-- Assignment --
Skip the images and copy each record exactly as written.

-- Exercise inputs --
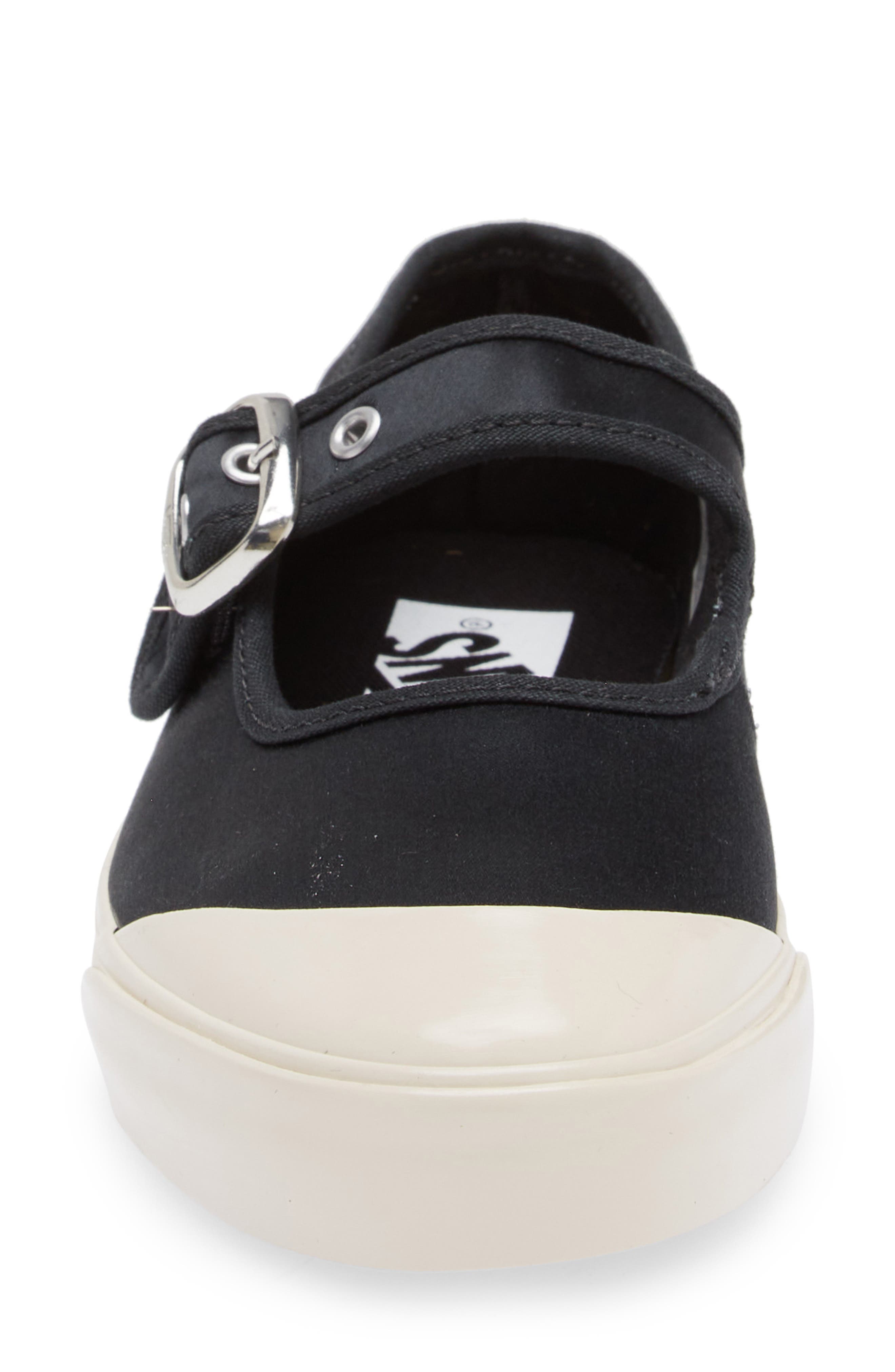 Vans Mary Jane Sneaker, Alternate, color, 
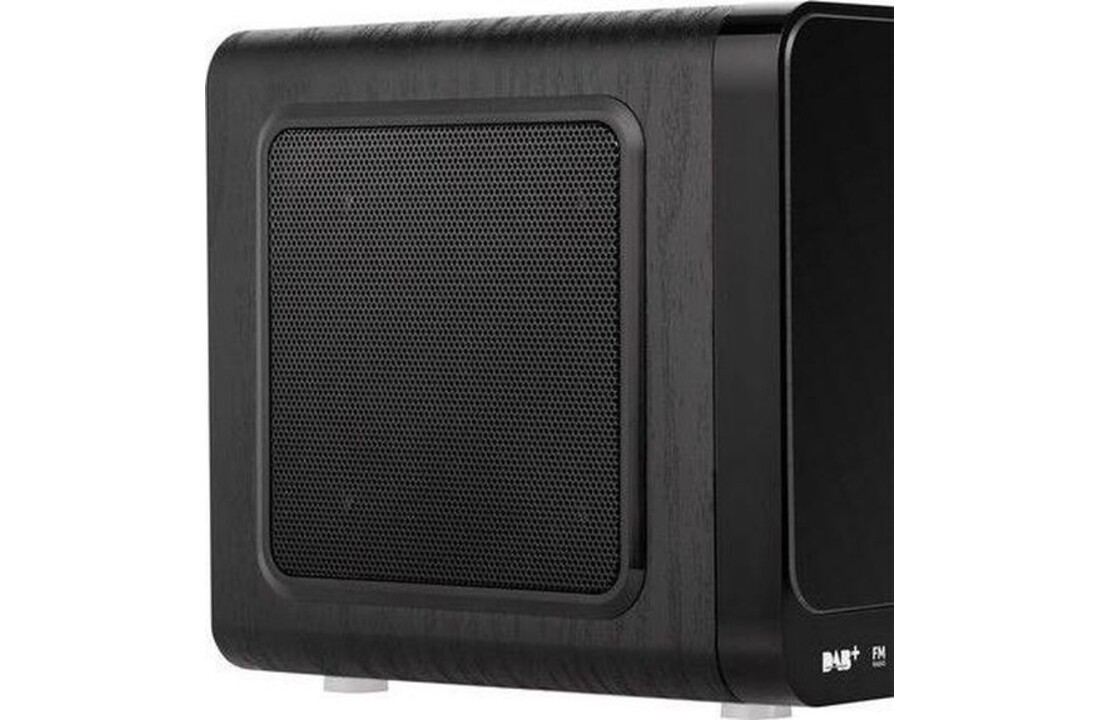 Kruger en Matz KM0816 - Radio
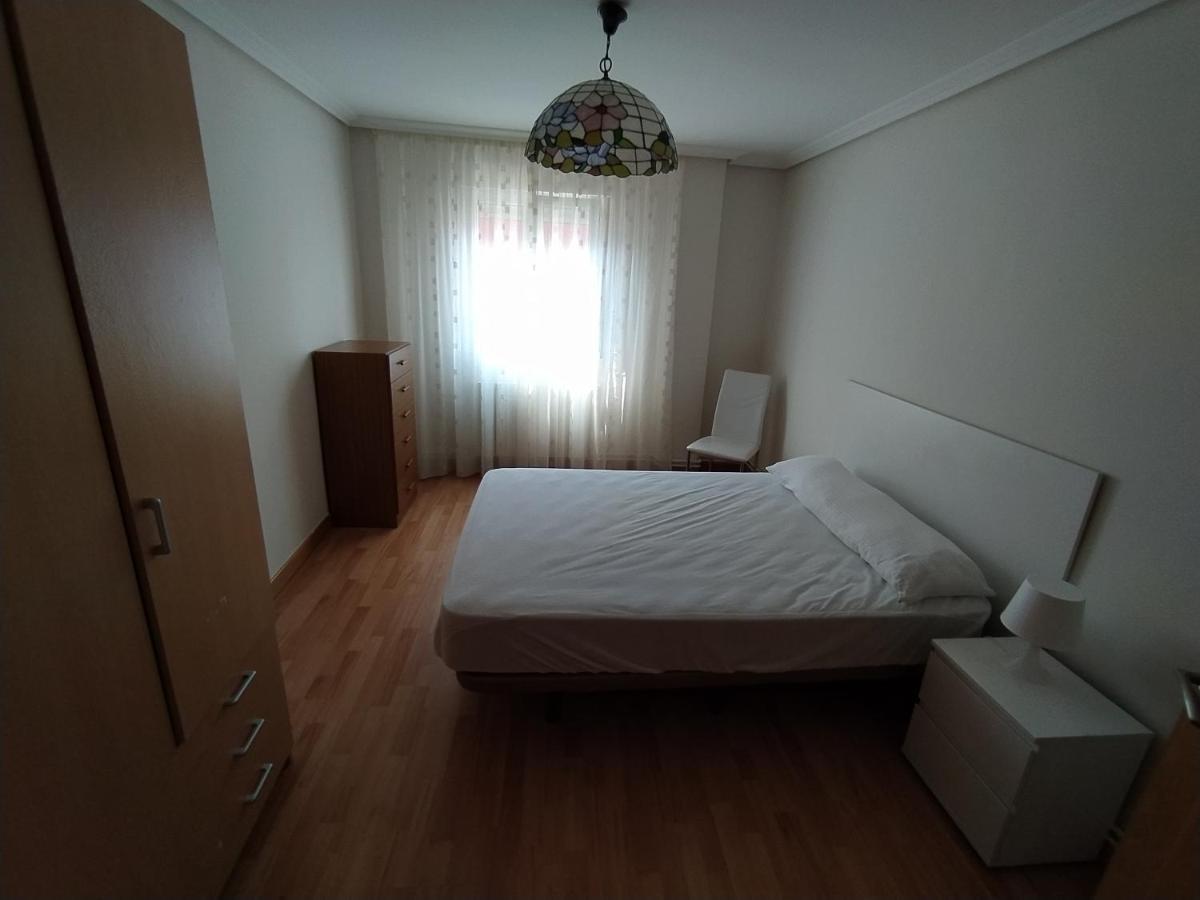 Apartamento En Centro סנטנדר מראה חיצוני תמונה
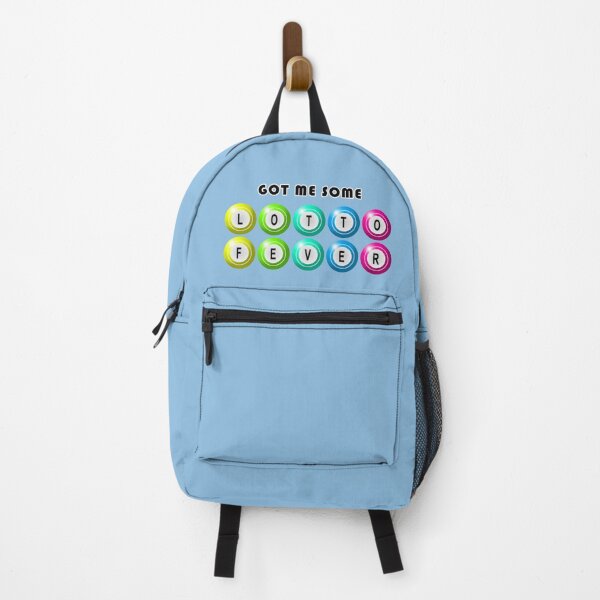 Item preview, Lotto Fever designed and sold by Fanarchist.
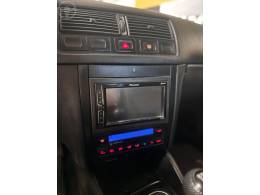 VOLKSWAGEN - GOLF 1.6 MI SPORTLINE 8V FLEX 4P MANUAL - 2008/2009 - PRATA - R$ 40.000,00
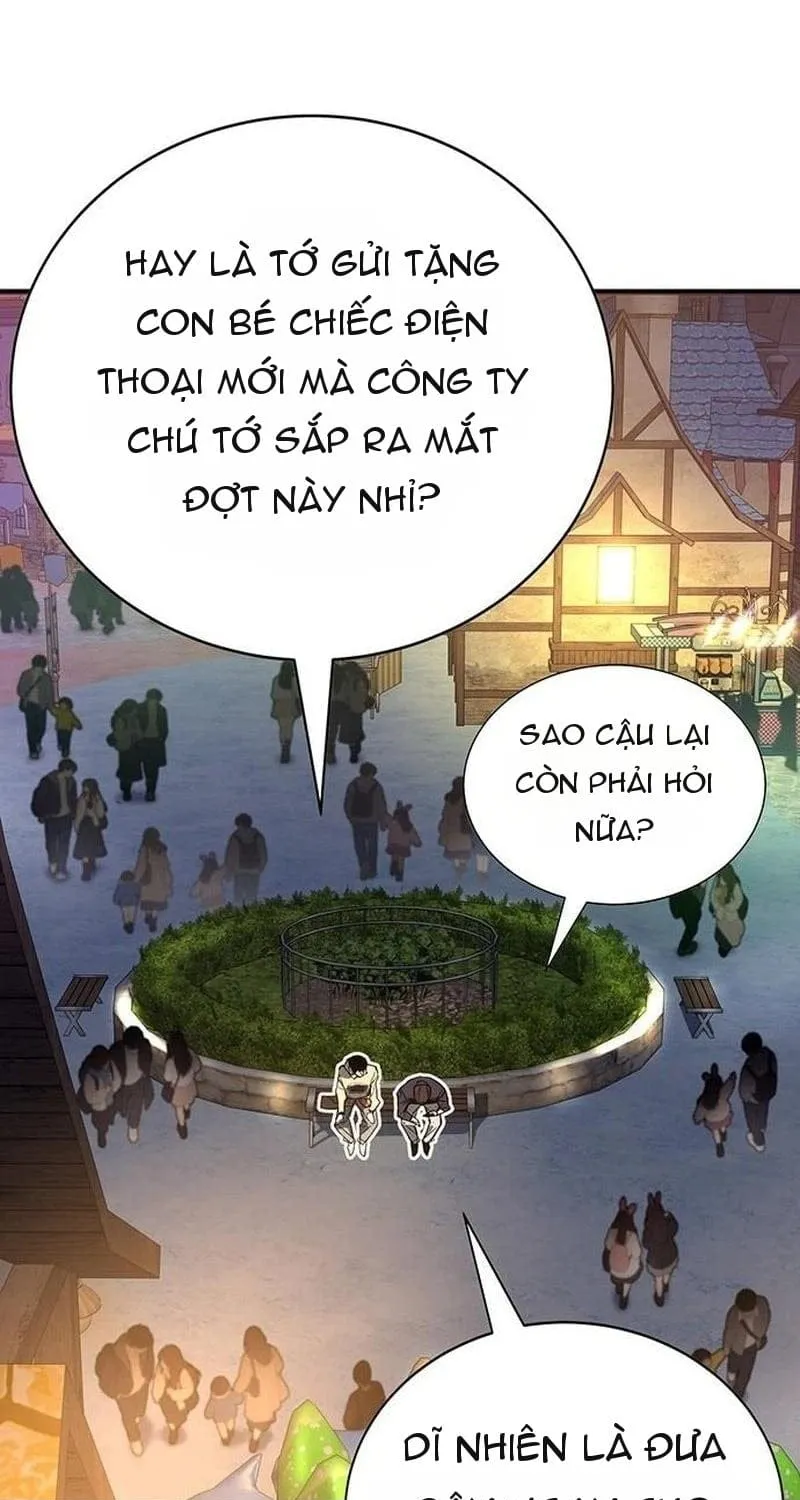 Cách Mạng Bắt Nạt Chap 74 - Next Chap 75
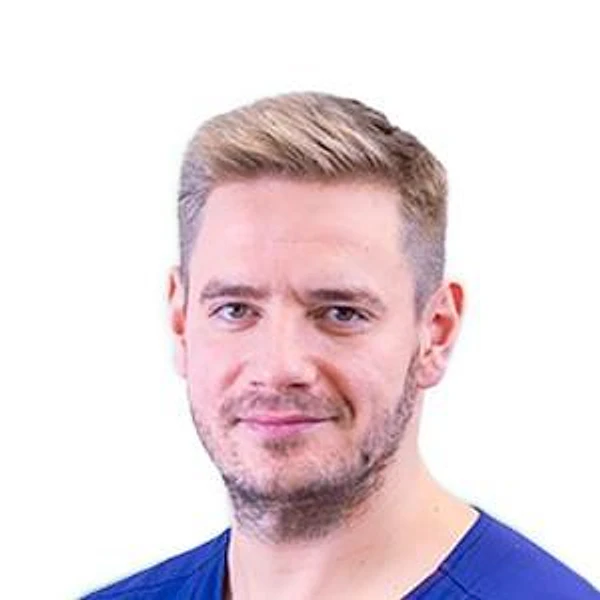 Крутоголов Вадим Викторович — Хирург, Проктолог (колопроктолог), Воронеж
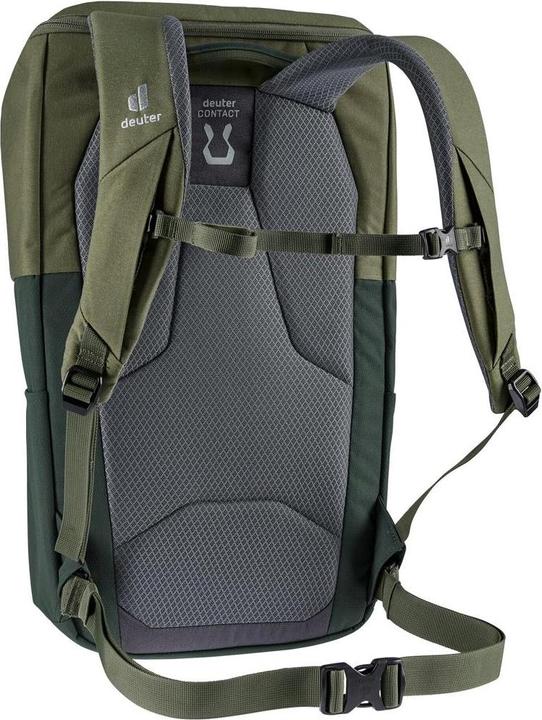 Actual product image Deuter UP Stockholm (22 l)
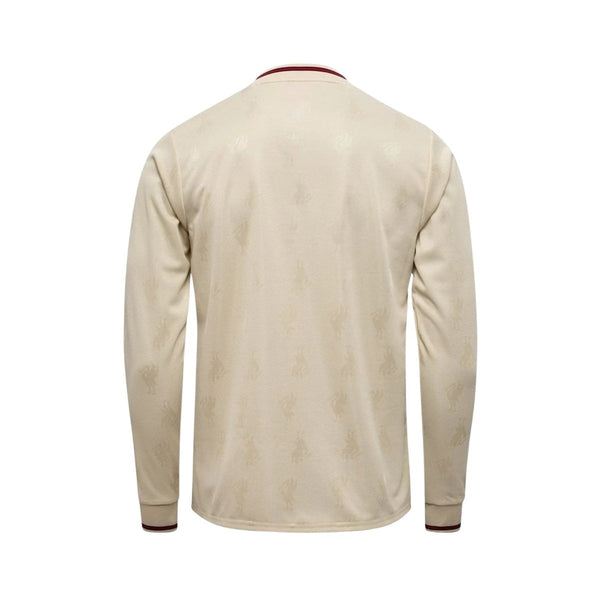 Liverpool Away 96/97 - Long Sleeve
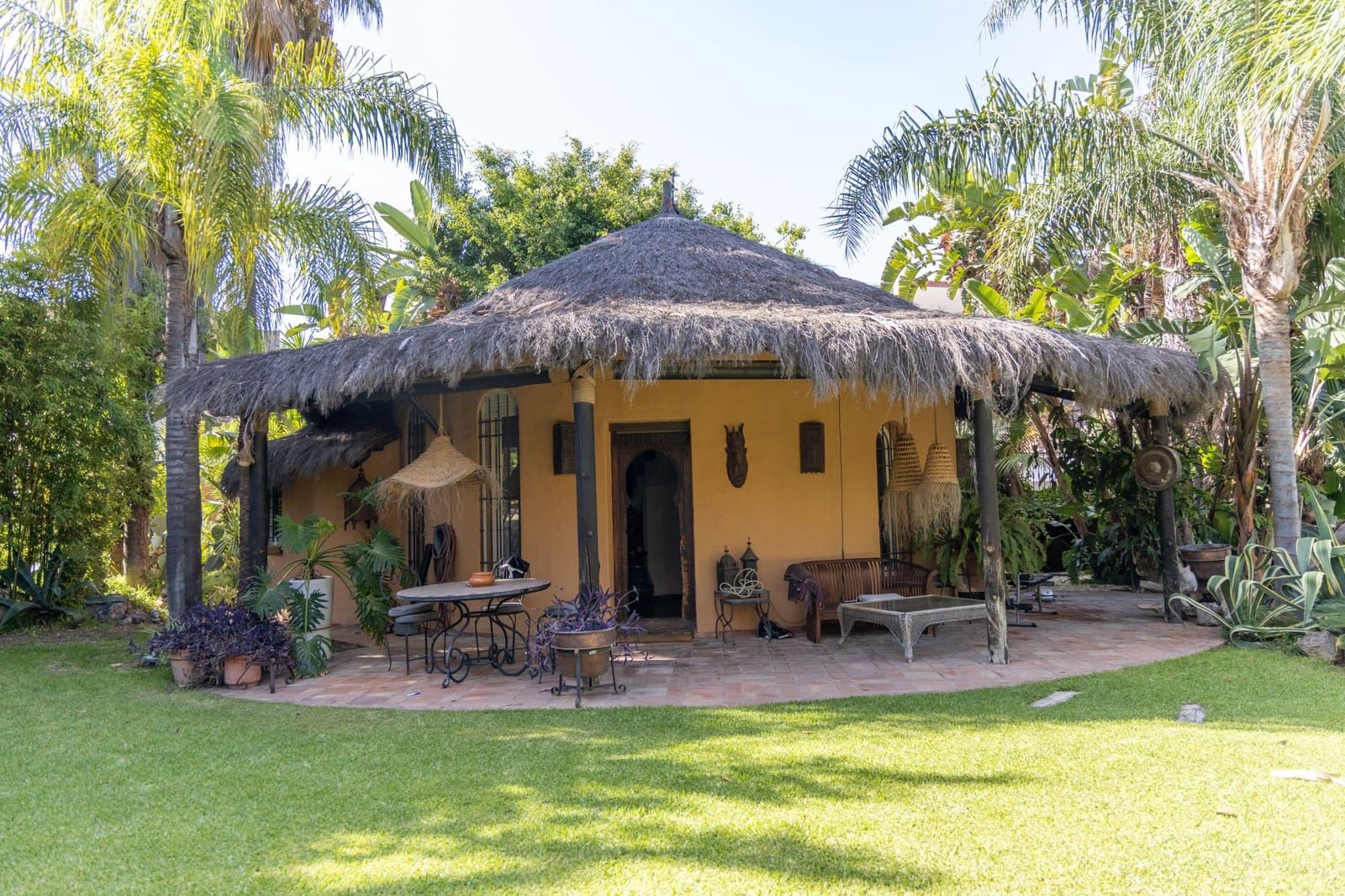 4 soverom Villa til salgs i Marbella - € 3 200 000 (Ref: 9146581)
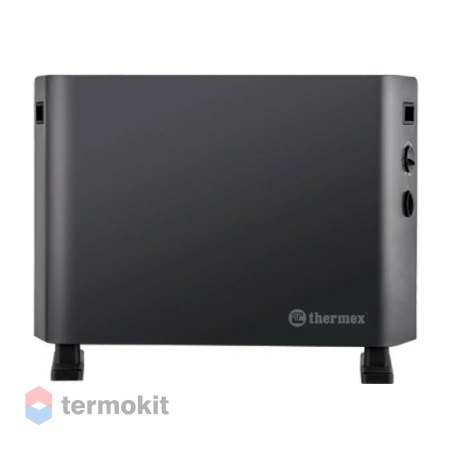 Конвектор Thermex Pronto 1500M Black
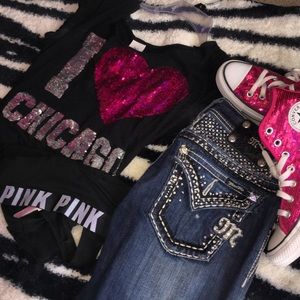 My collection💖💗✨😍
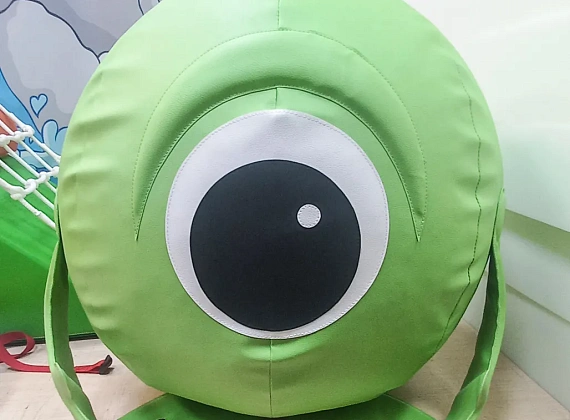 Игрушка «Инопланетянин» Фото 7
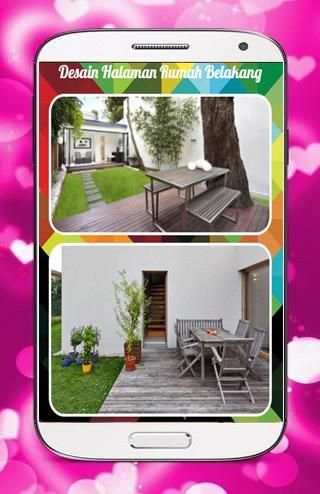 Design Home Page screenshot 3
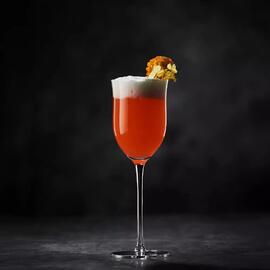 Бокал для коктейля 190 мл "Tulip" Cocktail Week P.L. [6]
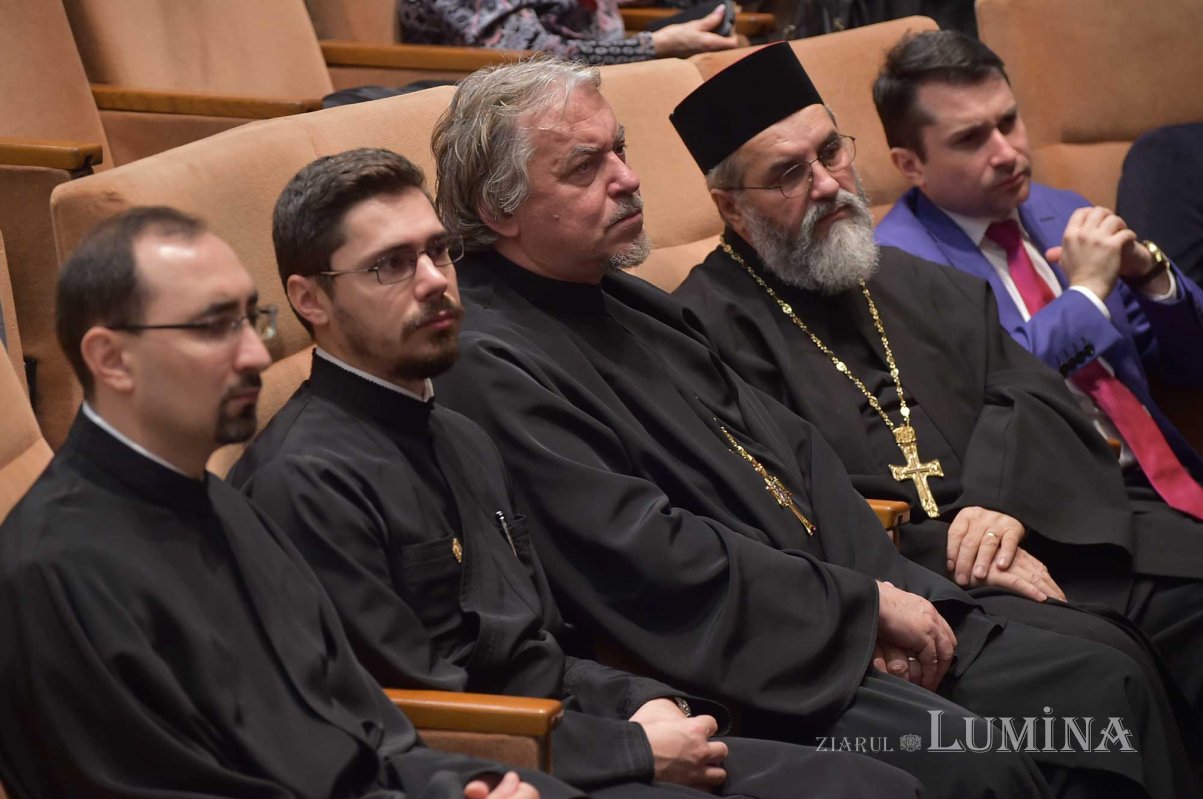 Istoricul Nicolae Stoicescu, evocat la Biblioteca Academiei 132321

-- Exercise solution --
 Vans Mary Jane Sneaker, Alternate, color, 
 Kruger en Matz KM0816 - Radio
 Apartamento En Centro סנטנדר מראה חיצוני תמונה
 Item preview, Lotto Fever designed and sold by Fanarchist.
 VOLKSWAGEN - GOLF 1.6 MI SPORTLINE 8V FLEX 4P MANUAL - 2008/2009 - PRATA - R$ 40.000,00
 Cách Mạng Bắt Nạt Chap 74 - Next Chap 75
 Крутоголов Вадим Викторович — Хирург, Проктолог (колопроктолог), Воронеж
 Actual product image Deuter UP Stockholm (22 l)
 Liverpool Away 96/97 - Long Sleeve
 4 soverom Villa til salgs i Marbella - € 3 200 000 (Ref: 9146581)
 Конвектор Thermex Pronto 1500M Black
 My collection💖💗✨😍
 Игрушка «Инопланетянин» Фото 7
 Design Home Page screenshot 3
 Бокал для коктейля 190 мл "Tulip" Cocktail Week P.L. [6]
 Istoricul Nicolae Stoicescu, evocat la Biblioteca Academiei 132321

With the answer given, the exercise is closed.